One month after the conclusion of the college wrestling season, the NCAA Wrestling Rules Committee has proposed making two experimental rules which debuted at the 2014 NWCA All-Star Classic permanent with clarifications, as well as making revisions to rules governing interlocking fingers, technical falls, and near falls, the NCAA announced Wednesday.
The committee met April 13-15 in Indianapolis to review rules to govern Division I wrestling for the 2015-16 season. All rules proposals made by the committee must be approved by the NCAA Playing Rules Oversight Panel, which will discuss the wrestling recommendations via conference call June 24.
Two committee proposals impact rules which were first introduced as experimental at last fall’s All-Star Classic at University of Pennsylvania in Philadelphia – a clarification of the drop-down stalling rule, and the neutral stalling rule.

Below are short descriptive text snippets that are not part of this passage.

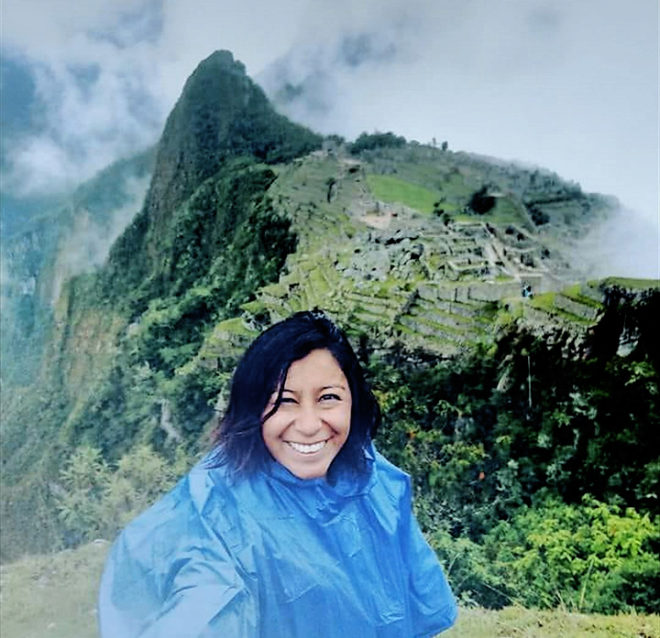 Nathaly Salazar, durante su visita al Machu Picchu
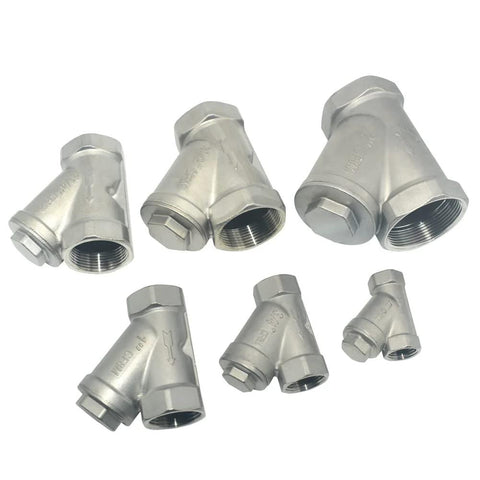 Set of seven stainless steel 1-inch WYE strainers with female NPT ends for piping filtration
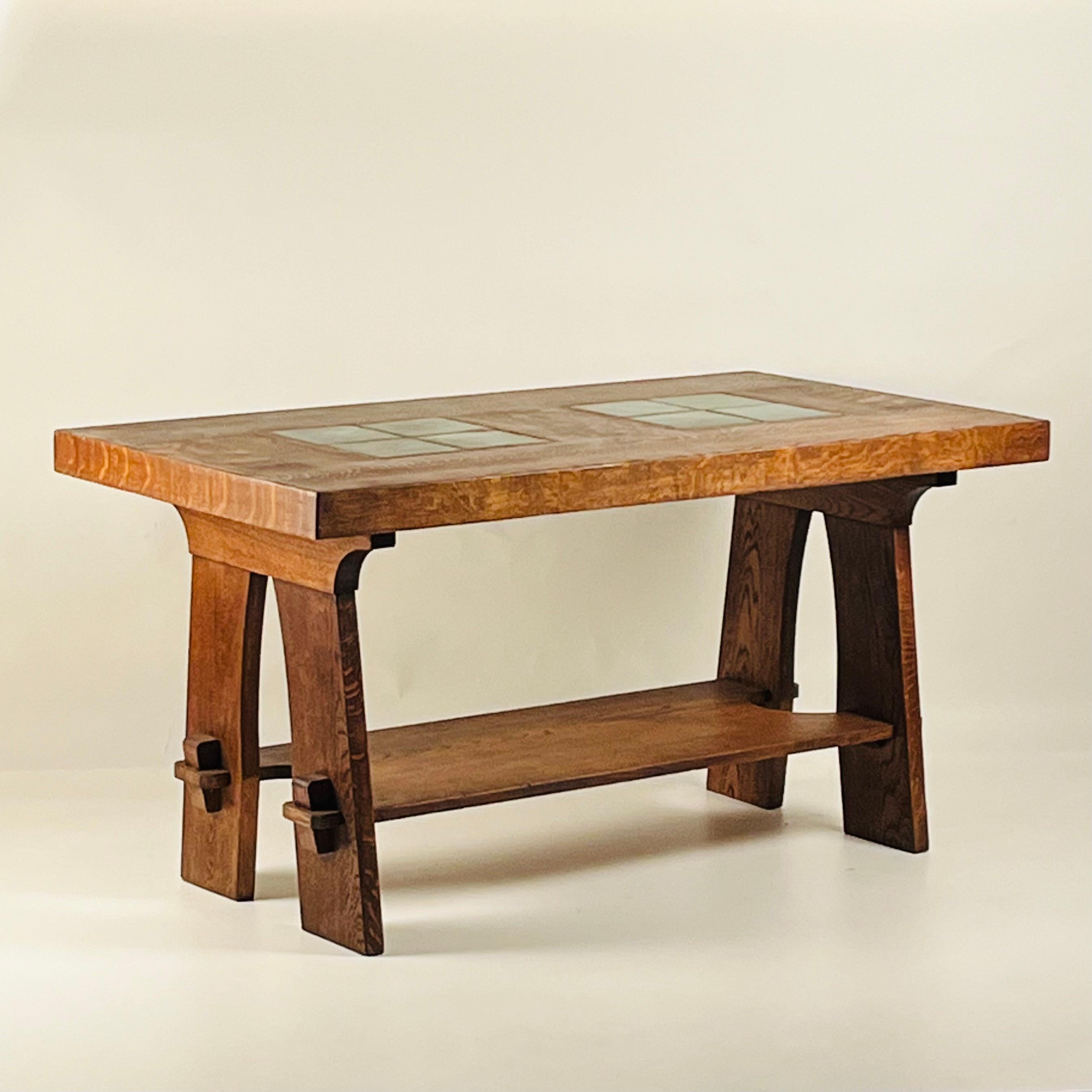 Early 20th Century Exceptional Gustav Stickley Arts and Crafts Oak Center Table with Grueby Tiles For Sale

The drop-down rule was originally intended to focus on a wrestler who is in the offensive position and locks or holds his opponent’s leg (or legs), and fails to take any attempt at offensive action, such as breaking down his opponent, executing an offensive move, or working back up towards the upper body to attempt to score points. In the proposed revision of this rule in place during all of last season, the referee should immediately begin a five-second count for stalling once the offensive wrestler positions himself with one or both hands below the buttocks of the defensive wrestler. The referee will stop his count when the offensive wrestler improves his position, moves his hold above the buttocks of the defensive wrestler or releases the hold. If the referee reaches the fifth count before the offensive wrestler improves his position, moves his hold above the buttocks or releases the hold, the offensive wrestler will be called for stalling. What’s more, if the wrestler on offensive lifts the defensive wrestler’s leg off the mat and both wrestlers reach the standing position, the referee will stop his five-second count. But if the offensive wrestler does not continue to attempt to return the defensive wrestler to the mat, the referee can call stalling as in the past without the five-second count.
Another stalling call, in regards to the drop-down rule, can be made by the referee if the offensive wrestler applies a hold with his hand or arm around the defensive wrestler’s waist while applying the other arm/hand below the buttocks. In that scenario, the five-second count will start and continue until the hold below the buttocks has been released.
The experimental rule involving the standing neutral position was used only in the National Wrestling Coaches Association All-Star Classic in November. After watching it being called in that event, the committee recommended that when wrestling is stopped in the neutral standing position for going out of bounds, the referee can make one of the three following calls: 1. Stalling on one or both wrestlers for leaving the wrestling area; 2. Stalling for pushing or pulling the opponent out of bounds; or 3. Wrestling action is taking place. (It should be noted that a tie-up, including an under hook with no attempt to initiate an offensive move, is not considered an offensive or defensive attack.)
“The experimental rules moving forward indicate that they were received well by the membership,” said Jeff Swenson, the committee chair and the director of athletics at Augsburg College. “We certainly have cleaned up the verbiage in the drop-down rule to help ensure that it is called properly.”
Another proposed rule change regards interlocked fingers. When wrestlers interlock fingers in the neutral position, the referee would stop the action and call it potentially dangerous, and any subsequent offenses would require the referee to call stalling on the wrestler who initiates the fingers interlocking. This rule addresses locking fingers in the neutral position as a way of controlling the opposing wrestler’s hand and stopping action, not locked hands by the offensive wrestler.
In addition, there is a proposal for changing the way for assessing points in a near-fall situation. With the new rule, two points would be awarded if the referee reaches a two count; four points would be awarded if the referee reaches a four count. Referees can now award two points when their count reaches two, and they can award three points if the count reaches five.
What’s more, the NCAA Wrestling Rules Committee has proposed some changes to how points are scored and compiled. The existing rule awarding four team points for a technical fall if the winning wrestler fails to score a near fall be eliminated. And, in another scoring change proposal, the committee has proposed experimenting with a rule in the National Wrestling Coaches Association All-Star Classic that would award three points for a takedown, presumably in an attempt to open up scoring. (Two points for a takedown has been the standard for decades; however, for about four years in the early 1960s, the NCAA had rule where the first takedown in a match was worth two points… with subsequent takedowns scored by that wrestler being worth only one point each. The rule was said to be a reaction to Oklahoma State’s “take ‘em down and let ‘em up” wrestling style of racking up takedowns quickly followed by cutting an opponent loose, which, at the time, some other teams found frustrating.)
Nothing in the press statement issued by the NCAA addressed arguably the most controversial issue at the Division I championships, where, in a 157-pound quarterfinals match, Kent State’s Ian Miller was denied a win because of a scoring error on the part of officials in his match vs. Cornell University’s Brian Realbuto… with the NCAA seeming to blame Miller’s coach Jim Andrassy for failing to raise the issue immediately, in a statement issued by the college sports organization later that day.